Riceviamo e pubblichiamo, da un anomimo lettore.
In questi giorni il M5S è accusato di essere il principale responsabile della caduta del governo Draghi. In questa narrazione è accreditata la tesi che il movimento sia ormai diventato il partito di Giuseppe Conte e, per questo, la caduta del governo Draghi sia dipesa anche da sue ragioni personali.
Queste ipotesi sono d’altronde più che verosimili, sia perché la crisi del governo Draghi è stata innescata dal voto (o meglio, dal “non voto”) dei pentastellati nel decreto Aiuti del 14 luglio, sia perché la tesi che il movimento sia diventato il partito di Conte è accreditata da molti, sebbene soprattutto fra i fuoriusciti del movimento, sia perché è ben noto che Draghi e Conte si detestino cordialmente.

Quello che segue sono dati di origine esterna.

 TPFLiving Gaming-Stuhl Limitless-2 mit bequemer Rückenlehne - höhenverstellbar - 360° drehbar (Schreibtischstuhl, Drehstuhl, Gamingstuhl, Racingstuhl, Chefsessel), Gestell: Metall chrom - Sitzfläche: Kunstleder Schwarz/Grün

Tuttavia in questa narrazione c’è qualcosa che non quadra, a cominciare dal fatto che il movimento aveva solo da perderci. L’ipotesi che la crisi sia stata disegnata a tavolino per riconquistare il voto dei più estremisti non sta in piedi, sia perché avrebbe (come ha) compromesso l’alleanza del M5S con il PD (che con l’attuale legge elettorale vale molti seggi nei collegi uninominali) sia perché il governo Draghi è stato fortemente voluto da Beppe Grillo (tant’è vero che la cosiddetta agenda Draghi coincide sostanzialmente con gli obiettivi di transizione energetica e digitale per cui Grillo si batte da anni) sia perché il movimento ha ridimensionato da tempo la sua indole più ribelle, né si può ritenere che un suo recupero tardivo possa convincere gli elettori più estremisti a tornare a votarlo (tant’è vero che il successo di Giorgia Meloni si può spiegare anche nell’attrazione di questi elettori, che sono notoriamente molto volubili e volatili).

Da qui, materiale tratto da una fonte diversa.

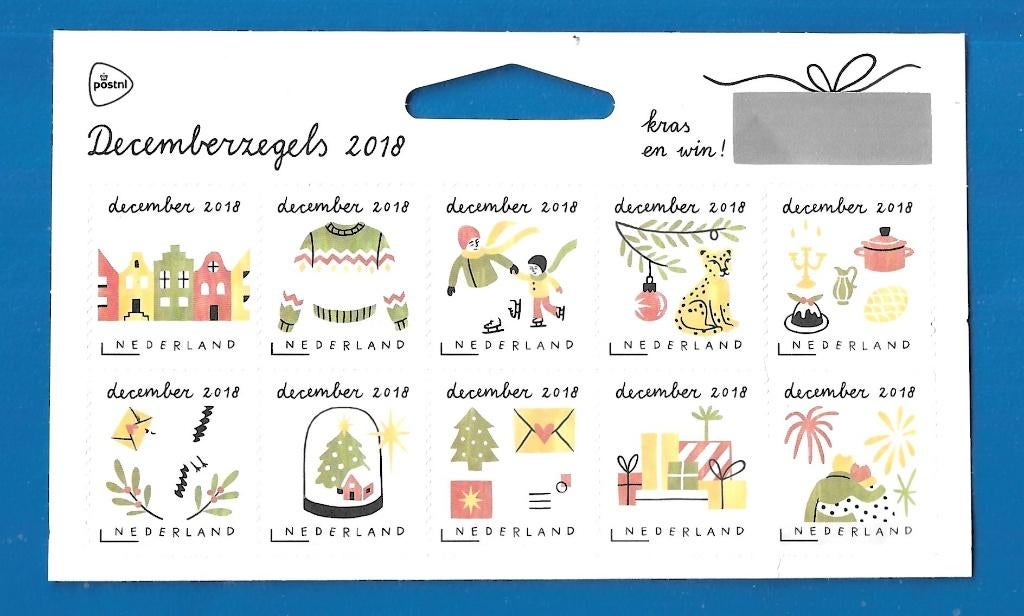 NVPH 3698-3707 1/2 vel Decemberzegels 2018 (bovenste), Postzegels en Munten, Postzegels | Nederland, Verzenden, Na 1940, Postfris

C’è invece un’ipotesi che potrebbe spiegare la crisi molto meglio, che parte dalla natura umana. Non tanto quella delle antipatie personali di Conte, quanto quella dell’istinto egoista che accomuna tutti gli esseri umani agli altri animali. Il movimento è stato promotore di varie leggi contro questa natura animale degli uomini, fra cui la riduzione del numero dei parlamentari. Ma soprattutto si è dato regole interne ancora più innaturali, fra cui l’obbligo di restituire una parte degli stipendi, la rinuncia al finanziamento pubblico (abbandonata solo di recente per problemi finanziari) e il limite del doppio mandato.
E’ importante ricordare che queste regole sono importanti non solo per Beppe Grillo, come si è visto recentemente, ma lo erano ancor più per Gianroberto Casaleggio, che credeva anche più di Grillo nell’ideale di un’azione politica disinteressata. Dopo la morte di Casaleggio, e soprattutto dopo il nuovo corso governista del movimento, alcuni “big” devono aver pensato che questo ideale ingenuo avrebbe finito per soccombere al realismo (se non al cinismo) della politica. D’altronde molti di loro erano ormai diventati così famosi da avere un vasto seguito personale, testimoniato dalla quantità dei loro seguaci nei social media. Rinunciarvi avrebbe potuto compromettere i risultati elettorali del movimento, dunque era logico pensare che il movimento avrebbe escogitato qualcosa per salvarli dalla tagliola del secondo mandato.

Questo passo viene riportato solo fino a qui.